Discussion about optimal wildcard syntax

you replied:

This afternoon, we had a discussion about a facebook regex

The following came up:

and

do we use (scripted entry)

(.|^)wizaly\.com$

regex101.com says match -> 18 steps
OR

^(.+\.)??wizaly\.com$

regex101.com says match -> 14 steps

your opinion and comment would be highly appreciated.

edit typos

The first one you mention is slightly different than the one we're using (\.|^)
Please repeat your benchmark with the correct syntax as a case-sensitive literal match \. is a few steps faster than an any match. Also, you only specified the regex. When you specify the number of steps it takes, you should also provide the test vector you ran your test against.

I can only assume you tested against wizaly.com for which I see 16 steps for our and 14 steps for the proposed other wildcard regex. However, this is not a definite answer as you also need to consider subdomain matches. Given abc.wizaly.com, our regex needs 26 steps whereas the other one needs 31 steps.

You see, regex magic is not necessarily as simple as it may seem sometimes and we've already invested a lot of effort also into the more subtle things of Pi-hole. Not everything is documented, however, that doesn't mean the things around FTL are not heavily optimized anyways.

that's not my fault, that's discourse, cutting chars when block quoting.
another attempt to list the regex

(\.|^)wizaly\.com$

versus

^(.+\.)??wizaly\.com$

and a screenshot of what I type
image

Seems okay.

repeating, you split while I was replying

so which on is the better one, the first one is the one you use, the second one appears to require less steps?

How so?

end of discussion.
when entering the domain wizaly.com in regex101.com, ^(.+\.)??wizaly\.com$ wins
when entering the domain abc.wizaly.com in regex101.com, (\.|^)wizaly\.com$wins

(hoping discourse doesn't change the code again...)
so your regex, wins, if a subdomain is used, which is what will happen in real life.

Sorry for my mistake.

edit
@Bucking_Horn, you showed an interest in this, here is the answer, provided by the smarter (than us) developer.
/edit

Thanks, I'd been alerted as soon as you quoted me in your opening post :wink:

But while we're at it, I add my two cents :wink:

In the very post you quoted me from, I was also doubting whether number of steps as calculated by regex101 would actually suffice as assessment criterion, as Pi-hole would likely use a different variant (ERE vs.PCRE) and most certainly a different implementation as that website.

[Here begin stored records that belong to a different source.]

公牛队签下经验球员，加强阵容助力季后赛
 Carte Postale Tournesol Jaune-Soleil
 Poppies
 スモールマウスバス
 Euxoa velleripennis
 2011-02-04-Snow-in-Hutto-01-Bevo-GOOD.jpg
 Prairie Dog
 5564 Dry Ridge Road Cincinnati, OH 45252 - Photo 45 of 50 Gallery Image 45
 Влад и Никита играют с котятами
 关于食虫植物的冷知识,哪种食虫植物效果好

Anyhow, as @DL6ER's musings here also take those number of steps into consideration, it seems that with increasing subdomain length, the preference for a method would break even on length=4.
|domain|(^|\.)|^(.+\.)?|
|---|---|---|
|1.domain.com|20|29|
|12.domain.com|23|29|
|123.domain.com|26|29|
|1234.domain.com|29|29|
|12345.domain.com|32|29|
|123456.domain.com|35|29|

Matching additional subdomain levels would tip the balance even earlier:
|domain|(^|\.)|^(.+\.)?|
|---|---|---|
|1.1.domain.com|28|29|
|1.12.domain.com|31|29|
|1.123.domain.com|34|29|
|www.tripod.lycos.com|48|27|

(I've included the last entry (lycos) as an example of a real world domain.)

So in searching an answer for my question, we have to move away from simple hard facts into heuristics, where the best solution for @jpgpi250 might not be equally beneficial for me.

However, I think it is safe to assume that the vast majority of those matches would be executed against www., which is clearly approving the solution that Pi-hole has chosen - gotta love them guys :wink: :+1: :smiling_face_with_three_hearts: